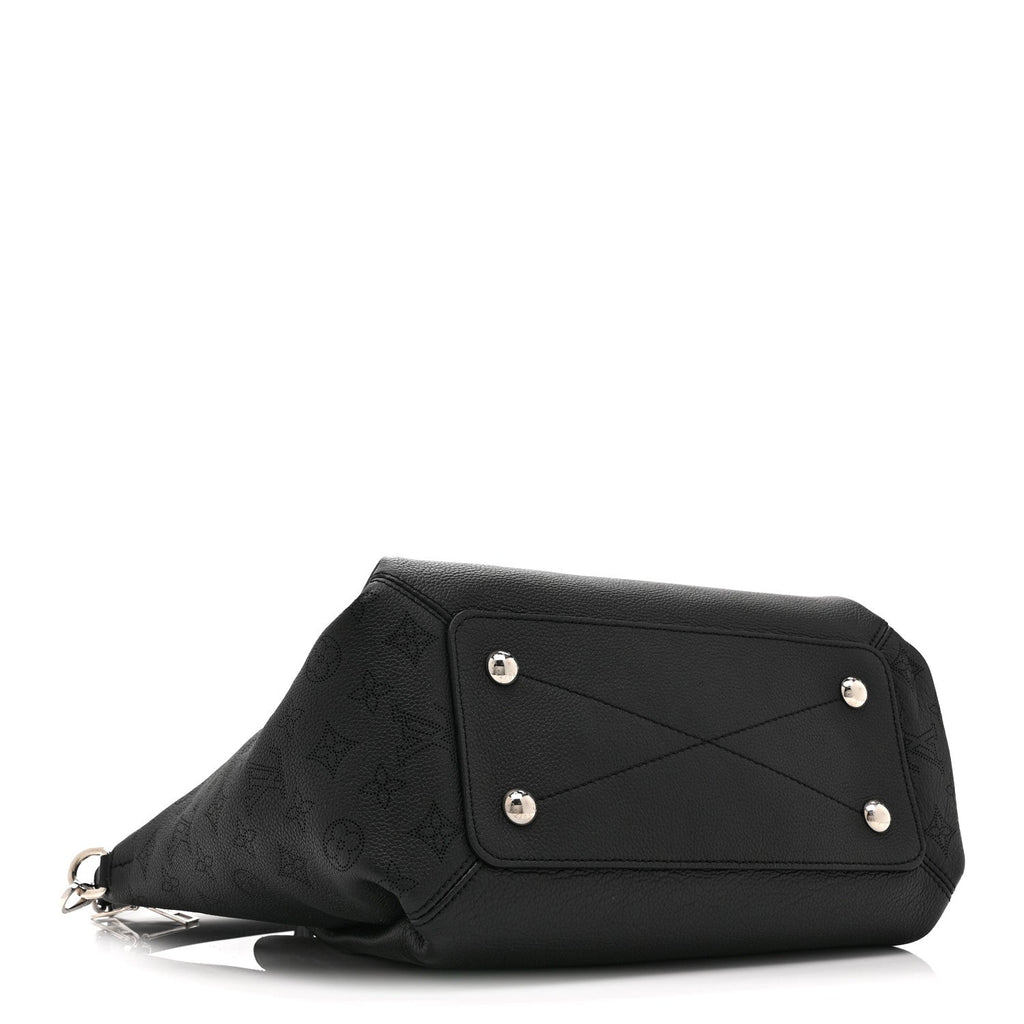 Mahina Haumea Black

==

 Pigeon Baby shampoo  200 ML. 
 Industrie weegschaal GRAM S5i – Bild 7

==

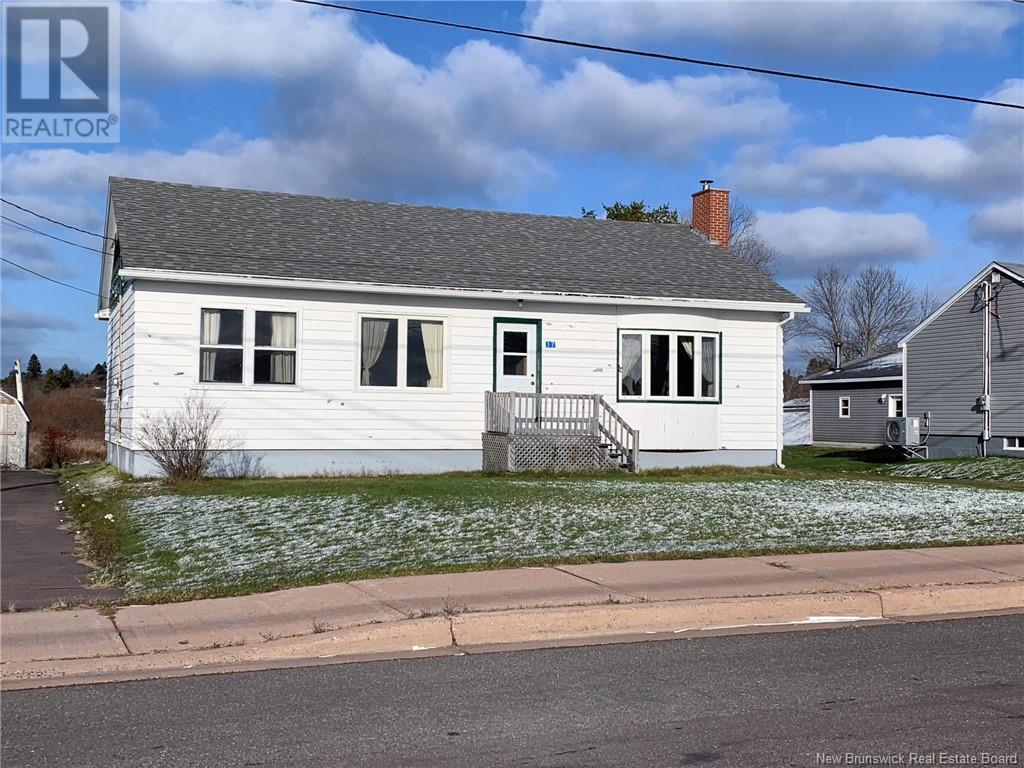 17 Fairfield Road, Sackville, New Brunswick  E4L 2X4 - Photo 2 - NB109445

[PROBLEM DESCRIPTION] All lines above from the one containing "Pigeon Baby shampoo" to the one containing "Industrie weegschaal GRAM S5i – Bild 7" must be repeated exactly, both lines included, and no others.

[EXERCISE RESULT]
 Pigeon Baby shampoo  200 ML. 
 Industrie weegschaal GRAM S5i – Bild 7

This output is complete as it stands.